Task | Reproduce, word for word, the lines in the material below starting with the one that has "苹果12pro手机有几种颜色(苹果12pro手机有几种颜色的)" and going on through the one that has "Chekich Erkek Ayakkabı". Leave out all pictures.

[Opening Source data section]

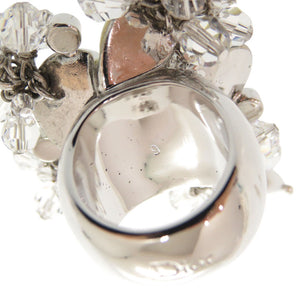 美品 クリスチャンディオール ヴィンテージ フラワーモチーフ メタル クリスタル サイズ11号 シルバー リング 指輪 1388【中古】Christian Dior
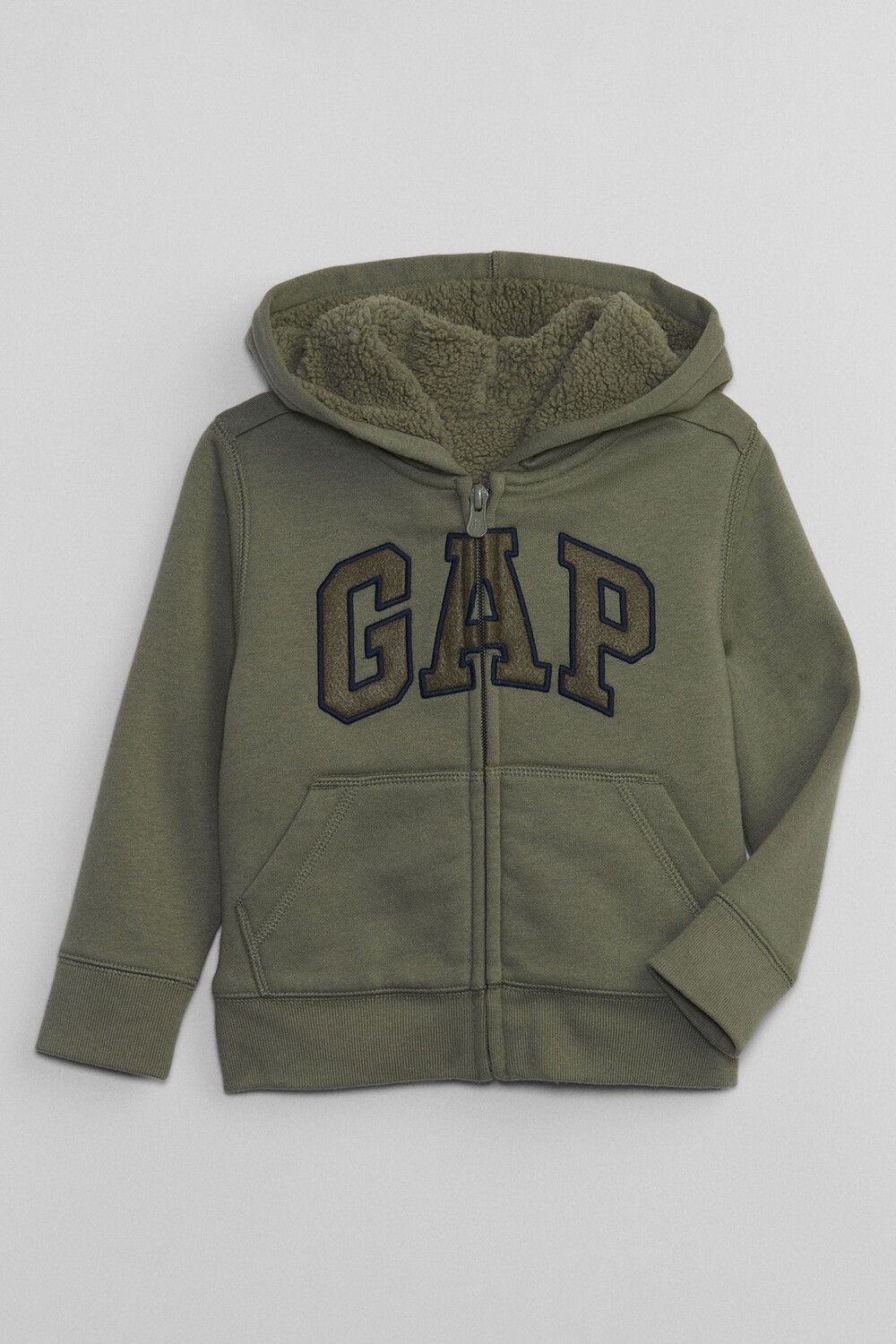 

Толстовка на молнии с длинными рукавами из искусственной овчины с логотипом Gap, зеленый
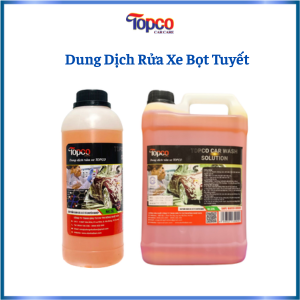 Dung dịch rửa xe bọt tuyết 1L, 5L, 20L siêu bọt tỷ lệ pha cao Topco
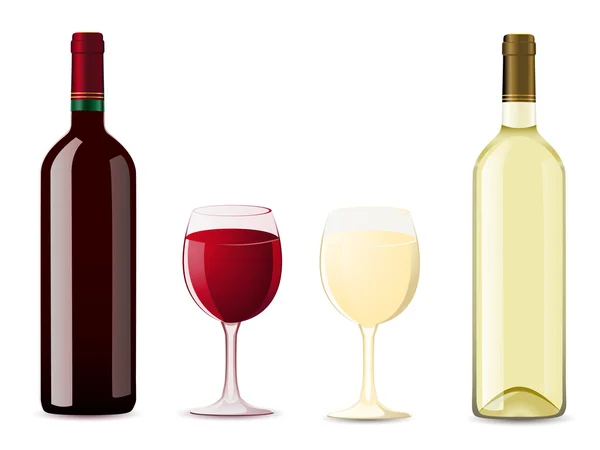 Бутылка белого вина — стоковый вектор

[Closing Source data section]
[Opening Source data section]

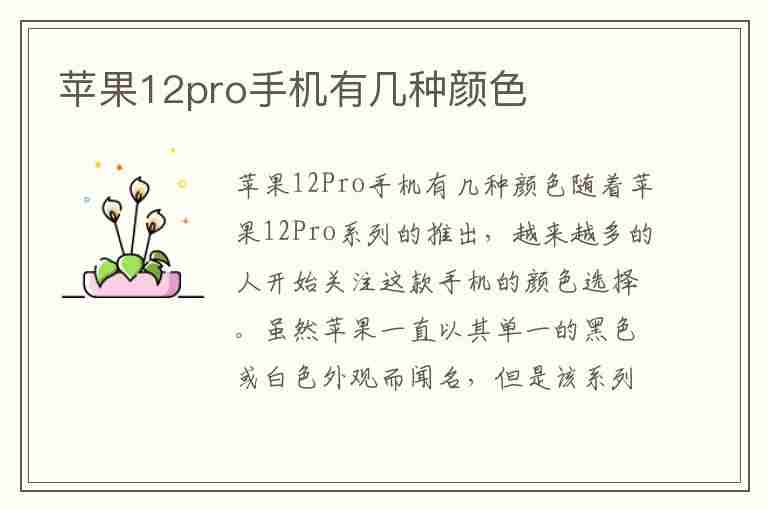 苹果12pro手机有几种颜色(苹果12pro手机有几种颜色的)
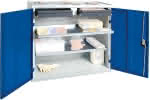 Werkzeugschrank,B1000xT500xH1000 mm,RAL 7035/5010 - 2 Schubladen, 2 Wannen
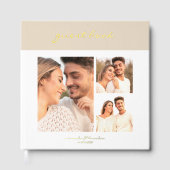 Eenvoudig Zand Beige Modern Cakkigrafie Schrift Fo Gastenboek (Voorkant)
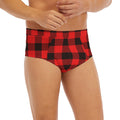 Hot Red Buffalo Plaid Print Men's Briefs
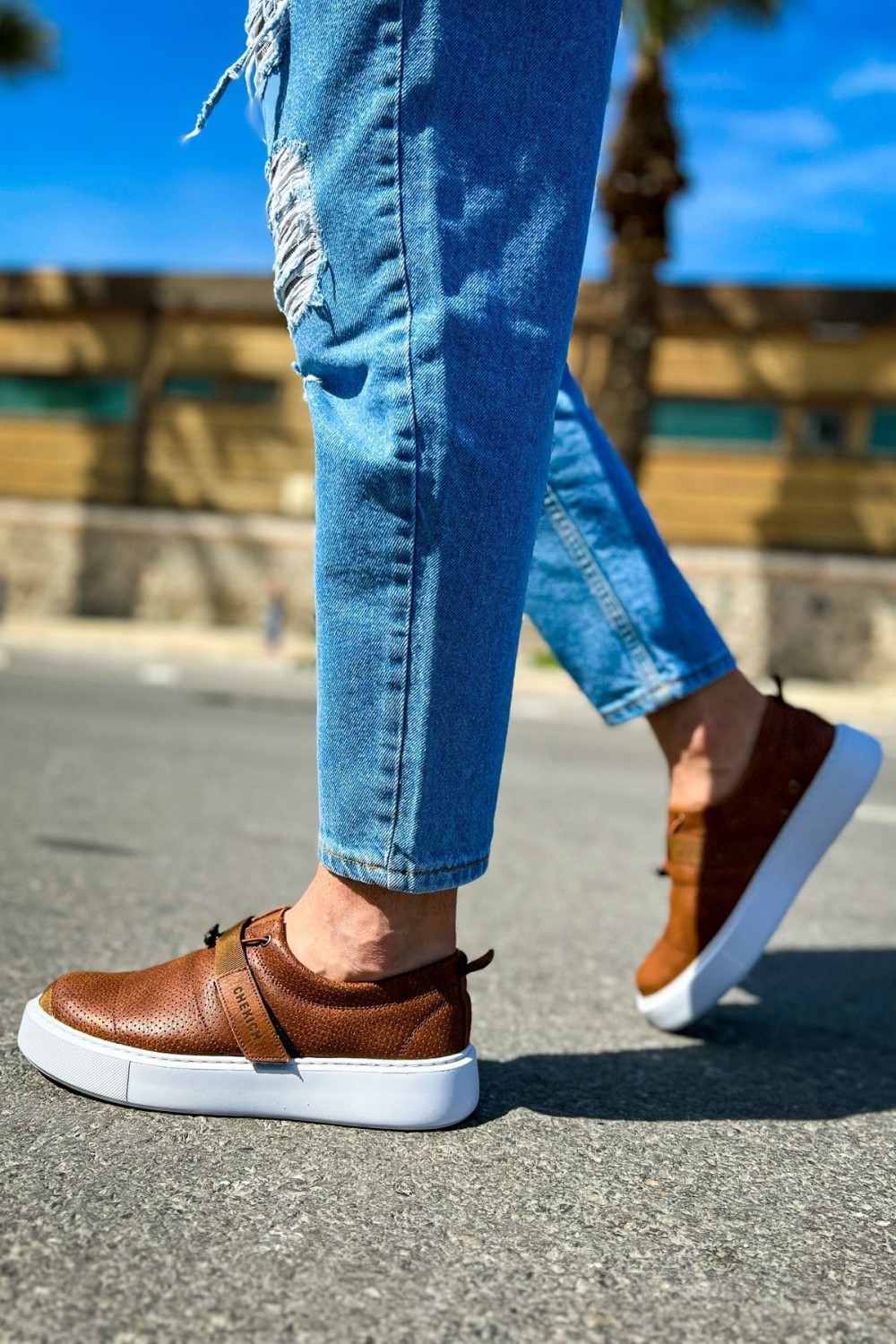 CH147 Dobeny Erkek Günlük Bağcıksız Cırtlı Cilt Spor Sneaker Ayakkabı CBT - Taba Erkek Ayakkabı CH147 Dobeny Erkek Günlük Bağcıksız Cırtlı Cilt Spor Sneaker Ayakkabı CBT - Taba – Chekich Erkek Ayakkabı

[Closing Source data section]
[Opening Source data section]

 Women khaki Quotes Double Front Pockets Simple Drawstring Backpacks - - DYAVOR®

[Closing Source data section]

Solution below |
 苹果12pro手机有几种颜色(苹果12pro手机有几种颜色的)
 Werkzeugschrank,B1000xT500xH1000 mm,RAL 7035/5010 - 2 Schubladen, 2 Wannen
 Eenvoudig Zand Beige Modern Cakkigrafie Schrift Fo Gastenboek (Voorkant)
 Hot Red Buffalo Plaid Print Men's Briefs
 CH147 Dobeny Erkek Günlük Bağcıksız Cırtlı Cilt Spor Sneaker Ayakkabı CBT - Taba Erkek Ayakkabı CH147 Dobeny Erkek Günlük Bağcıksız Cırtlı Cilt Spor Sneaker Ayakkabı CBT - Taba – Chekich Erkek Ayakkabı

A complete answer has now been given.